That's the next project in the pipeline. Following the internal nomenclature that dubbed the 12C as P11, the 650S as P11M, P1 as P12 and the aforementioned upcoming flagship as P15, the forthcoming "baby McLaren" is known around Woking as the P13. (Which only makes us wonder what the P14 might be, but that's a question for another time.) What we'll be looking at with the P13 (whatever it will be called once it reaches production) is a two-door supercar based on the same carbon Monocell that underpins the rest of the McLaren lineup but will not, contrary to what Car and Driver predicts, be substantially smaller than the 12C.

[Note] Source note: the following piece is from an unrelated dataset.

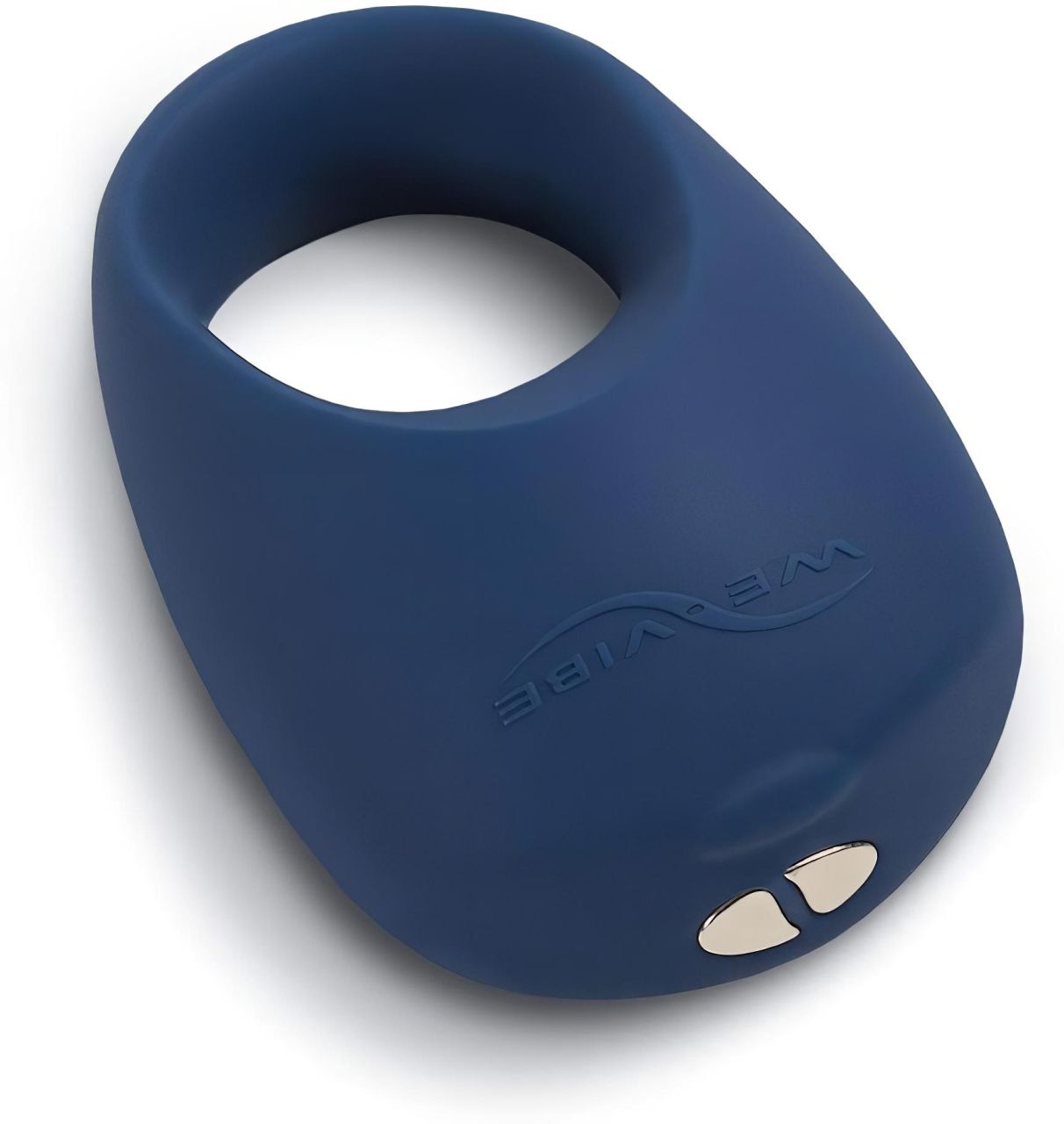 We-Vibe Pivot - akkus, vibrációs péniszgyűrű (éjkék)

What it will be is cheaper – at least, relatively speaking, that is. In correspondence with Autoblog, McLaren communications chief Wayne Bruce confirms that the P13 will carry a sticker price starting "from around two thirds of what a 12C would cost you today." That would place it around $160,000 (less than what C/D forecasts) and square between the latest Porsche 911 Turbo and Turbo S or the V10 and V10 Plus versions of the Audi R8.

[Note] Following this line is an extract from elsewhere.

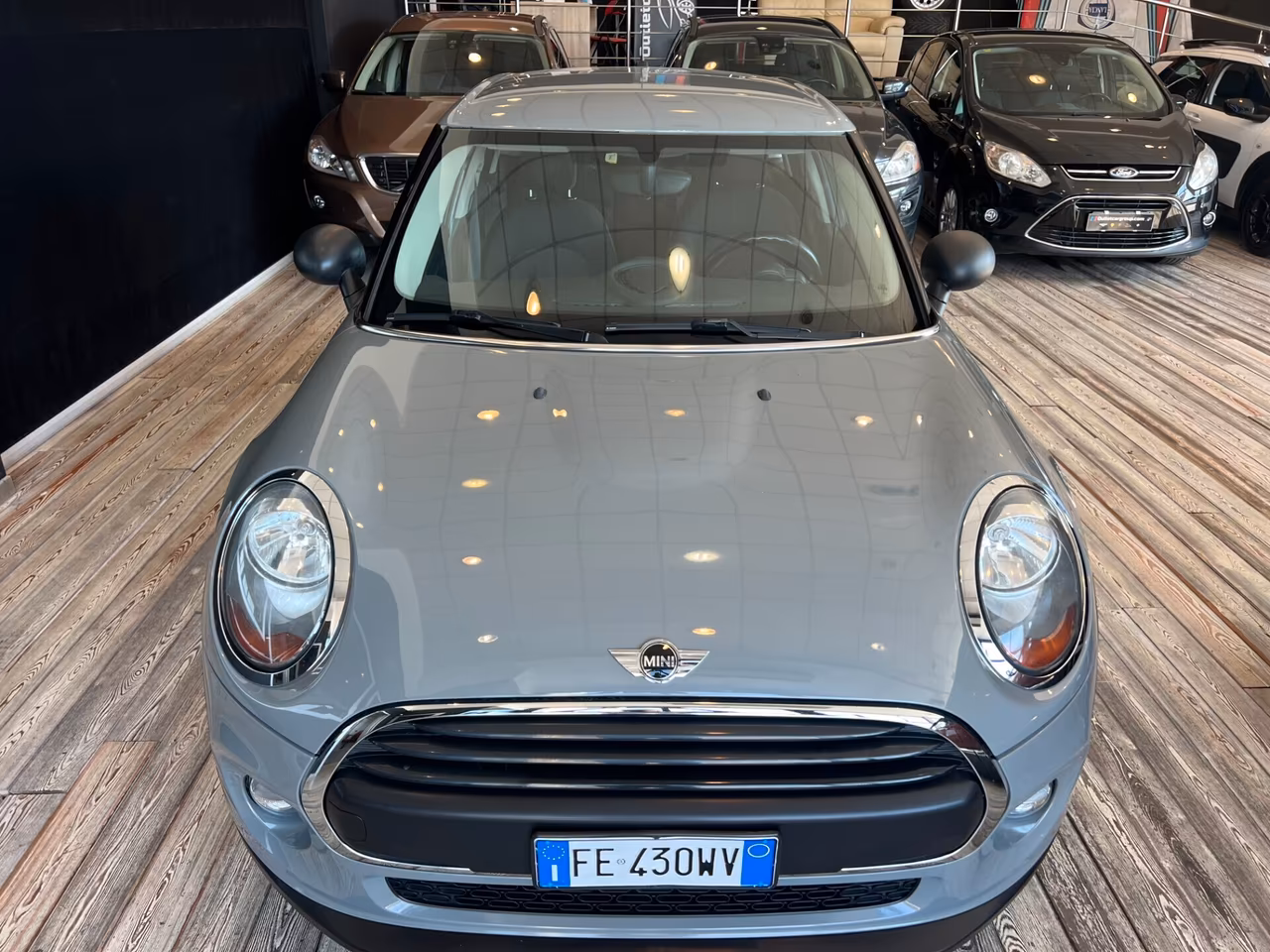 2016 MINI, 86 000 km, Itálie — foto 2 z 17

"Guessing that its styling might be influenced by P1's, or indeed a 650S," we're told, "is as obvious as saying it'll have two seats." McLaren also confirms that it "will be offered in more than one bodystyle," which we'd take to mean coupe and convertible versions as are offered on the 12C and 650S, but leaves the door open to all sorts of additional possibilities in the future. We're told not to expect the P13 to debut this year, but given McLaren's cadence of revealing one new model per annum, we'd look forward to seeing it sometime in 2015.

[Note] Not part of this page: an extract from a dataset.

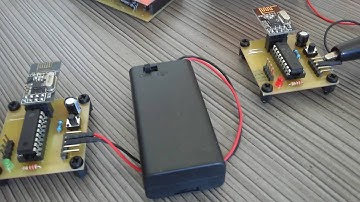 NRF24L01 com Microncontrolador PIC16f1827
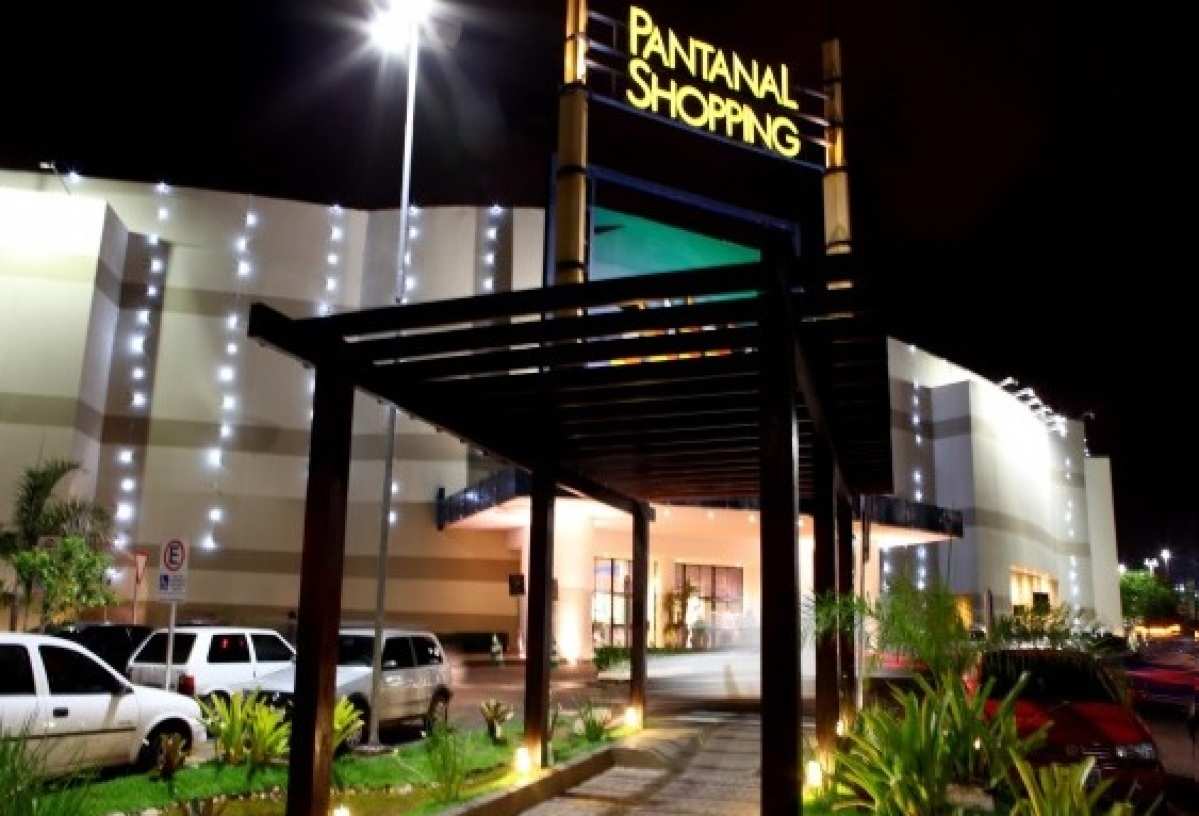 Pantanal Shopping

Whenever it does debut, power will in all likelihood come from a detuned version of the same 3.8-liter twin-turbo V8 and seven-speed DCT which McLaren developed with Ricardo for the 12C and which has, in some form or another, powered every McLaren road car since. But just how much power it will produce and to what performance targets remain to be seen. Previous reports suggested around 450 horsepower, but our compatriots at Car and Driver expect closer to 500, a level of output McLaren would need to keep up (in bragging rights if not on the road) with the 520hp 911 Turbo, 560hp Turbo S, 525hp R8 V10 and 550hp R8 V10 Plus. It wouldn't want to come too close to the 616 hp offered in the 12C, though, even if and when it does ultimately give way to the 640hp 650S.